Irish Daily Mail

Love that weekend brunch? Sorry, it’s bad for your waist

- By Victoria Allen news@dailymail.ie

IT’S a treat many of us look forward to at the weekend – having a lie-in then tucking into a late breakfast close to normal lunchtime.

But now a study has linked the brunch habit with putting on up to 11lbs (5kg) in weight.

It suggests people who have weekend breakfast later than they do during the working week suffer ‘eating jet lag’. The study of more than 1,000 people aged 18 to 25 showed those who pushed back their breakfast by more than three-and-a-half hours had a higher body mass index (BMI).

Their BMI was 1.34 points higher than the study average – making them up to 11lbs heavier.

The group included millennial­s, famous for brunching on smashed avocado on toast.

The 1,000 participan­ts had breakfast an average of two hours later than during the week. The study worked out their ‘jet lag’, based on how much later their meals fell at weekends. The Barcelona University report suggests altering mealtimes at the weekend could confuse the body clock and alter metabolism or appetite.

Study author Maria Fernanda Zeron-Rugerio said: ‘We need to think about brunch more and about our habits at the weekend when we tend to eat and sleep later.
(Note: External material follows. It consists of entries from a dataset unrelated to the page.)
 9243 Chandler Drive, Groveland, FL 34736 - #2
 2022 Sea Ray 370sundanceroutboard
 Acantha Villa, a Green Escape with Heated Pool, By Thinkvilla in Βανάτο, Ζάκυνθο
We have metabolic processes which are primed to expect and react to meals at a certain time based on when we usually eat them. This is like a miniature effect of the type seen in shift workers, who have erratic mealtimes and have been shown to put on weight.’

The study, published in the journal Nutrients, found that on average the participan­ts had breakfast two hours later at weekends, but lunch only 54 minutes later and dinner half an hour later.

Researcher­s were able to work out eating ‘jet lag’ using the middle point between the first and last meals of the day, then comparing that to the figure for during the week. People with ‘jet lag’ of more than three-and-a-half hours had a BMI 1.34 points higher than the study group average – even when age, physical activity, diet quality and sleep duration were taken into account.

Some experts believe eating late disrupts the body clock, altering the cycle of hormones which regulate appetite so that people feel hungrier and eat more. However, Professor John Mathers, of the Human Nutrition Research Centre at the UK’s Newcastle University, was sceptical of the study.

He said of the weight difference: ‘It is impossible to determine whether this is due to the different eating patterns. It might be due to other lifestyle factors entirely.’